*WHAT THIS TASK INVOLVES*.
All that is needed is the line in the material below containing "Must-Watch Anime Movies", plus every line after it, printed exactly.

*DATASET*.
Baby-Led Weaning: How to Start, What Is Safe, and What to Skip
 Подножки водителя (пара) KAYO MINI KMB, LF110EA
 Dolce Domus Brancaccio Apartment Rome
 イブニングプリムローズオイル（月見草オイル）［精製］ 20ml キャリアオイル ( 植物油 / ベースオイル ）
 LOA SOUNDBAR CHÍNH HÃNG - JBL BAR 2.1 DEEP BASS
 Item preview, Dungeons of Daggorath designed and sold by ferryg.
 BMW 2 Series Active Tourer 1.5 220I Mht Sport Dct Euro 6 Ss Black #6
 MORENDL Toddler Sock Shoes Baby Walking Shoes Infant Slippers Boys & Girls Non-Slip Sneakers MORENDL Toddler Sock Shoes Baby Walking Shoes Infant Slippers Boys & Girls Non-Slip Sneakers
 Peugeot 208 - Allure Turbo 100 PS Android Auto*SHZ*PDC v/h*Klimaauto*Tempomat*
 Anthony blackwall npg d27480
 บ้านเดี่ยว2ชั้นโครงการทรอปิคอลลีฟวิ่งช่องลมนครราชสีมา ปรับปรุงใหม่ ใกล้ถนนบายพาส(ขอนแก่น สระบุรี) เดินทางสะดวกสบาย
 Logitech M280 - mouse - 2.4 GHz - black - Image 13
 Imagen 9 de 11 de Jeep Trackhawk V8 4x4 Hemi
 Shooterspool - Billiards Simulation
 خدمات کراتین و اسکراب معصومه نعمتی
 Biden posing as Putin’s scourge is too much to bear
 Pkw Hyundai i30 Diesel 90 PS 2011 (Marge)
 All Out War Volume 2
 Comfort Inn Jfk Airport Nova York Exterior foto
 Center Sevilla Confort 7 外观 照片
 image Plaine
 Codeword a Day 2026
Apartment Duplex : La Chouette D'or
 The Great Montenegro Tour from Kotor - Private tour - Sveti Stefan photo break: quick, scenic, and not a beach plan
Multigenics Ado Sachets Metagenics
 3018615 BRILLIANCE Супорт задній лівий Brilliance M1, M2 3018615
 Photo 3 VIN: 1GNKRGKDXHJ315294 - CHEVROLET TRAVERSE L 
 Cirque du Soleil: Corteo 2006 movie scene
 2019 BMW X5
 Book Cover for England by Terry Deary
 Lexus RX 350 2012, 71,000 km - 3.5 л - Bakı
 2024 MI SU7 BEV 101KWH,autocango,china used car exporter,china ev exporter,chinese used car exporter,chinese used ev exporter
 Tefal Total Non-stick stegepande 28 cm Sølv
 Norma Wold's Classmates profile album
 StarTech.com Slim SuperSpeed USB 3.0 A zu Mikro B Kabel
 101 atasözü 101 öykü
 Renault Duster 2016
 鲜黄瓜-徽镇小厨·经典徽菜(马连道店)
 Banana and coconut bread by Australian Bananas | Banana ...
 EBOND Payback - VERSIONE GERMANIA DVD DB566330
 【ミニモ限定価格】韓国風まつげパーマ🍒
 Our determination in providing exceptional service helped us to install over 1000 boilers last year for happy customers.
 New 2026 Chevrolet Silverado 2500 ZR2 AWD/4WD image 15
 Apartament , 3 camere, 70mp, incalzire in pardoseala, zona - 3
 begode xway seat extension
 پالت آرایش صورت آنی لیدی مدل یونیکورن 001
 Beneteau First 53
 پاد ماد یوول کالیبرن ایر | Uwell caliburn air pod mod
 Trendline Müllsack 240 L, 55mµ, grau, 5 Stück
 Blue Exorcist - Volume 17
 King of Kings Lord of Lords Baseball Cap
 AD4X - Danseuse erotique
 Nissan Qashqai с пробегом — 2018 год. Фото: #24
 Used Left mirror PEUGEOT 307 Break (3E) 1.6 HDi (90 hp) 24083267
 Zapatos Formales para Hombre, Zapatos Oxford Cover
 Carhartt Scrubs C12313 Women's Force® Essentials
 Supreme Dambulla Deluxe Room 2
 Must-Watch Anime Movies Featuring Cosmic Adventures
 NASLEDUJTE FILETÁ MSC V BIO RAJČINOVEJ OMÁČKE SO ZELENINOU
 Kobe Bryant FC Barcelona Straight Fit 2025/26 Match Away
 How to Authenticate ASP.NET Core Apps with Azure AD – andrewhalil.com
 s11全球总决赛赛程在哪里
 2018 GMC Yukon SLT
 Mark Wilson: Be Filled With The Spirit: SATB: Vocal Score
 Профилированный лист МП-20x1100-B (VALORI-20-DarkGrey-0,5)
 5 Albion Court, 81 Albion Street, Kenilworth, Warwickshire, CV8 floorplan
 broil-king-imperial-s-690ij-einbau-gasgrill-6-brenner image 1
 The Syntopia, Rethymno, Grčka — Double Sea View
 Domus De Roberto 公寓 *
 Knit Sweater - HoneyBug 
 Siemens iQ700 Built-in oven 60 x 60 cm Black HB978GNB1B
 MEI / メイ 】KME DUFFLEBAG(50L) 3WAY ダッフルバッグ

*TASK SOLUTION*.
 Must-Watch Anime Movies Featuring Cosmic Adventures
 NASLEDUJTE FILETÁ MSC V BIO RAJČINOVEJ OMÁČKE SO ZELENINOU
 Kobe Bryant FC Barcelona Straight Fit 2025/26 Match Away
 How to Authenticate ASP.NET Core Apps with Azure AD – andrewhalil.com
 s11全球总决赛赛程在哪里
 2018 GMC Yukon SLT
 Mark Wilson: Be Filled With The Spirit: SATB: Vocal Score
 Профилированный лист МП-20x1100-B (VALORI-20-DarkGrey-0,5)
 5 Albion Court, 81 Albion Street, Kenilworth, Warwickshire, CV8 floorplan
 broil-king-imperial-s-690ij-einbau-gasgrill-6-brenner image 1
 The Syntopia, Rethymno, Grčka — Double Sea View
 Domus De Roberto 公寓 *
 Knit Sweater - HoneyBug 
 Siemens iQ700 Built-in oven 60 x 60 cm Black HB978GNB1B
 MEI / メイ 】KME DUFFLEBAG(50L) 3WAY ダッフルバッグ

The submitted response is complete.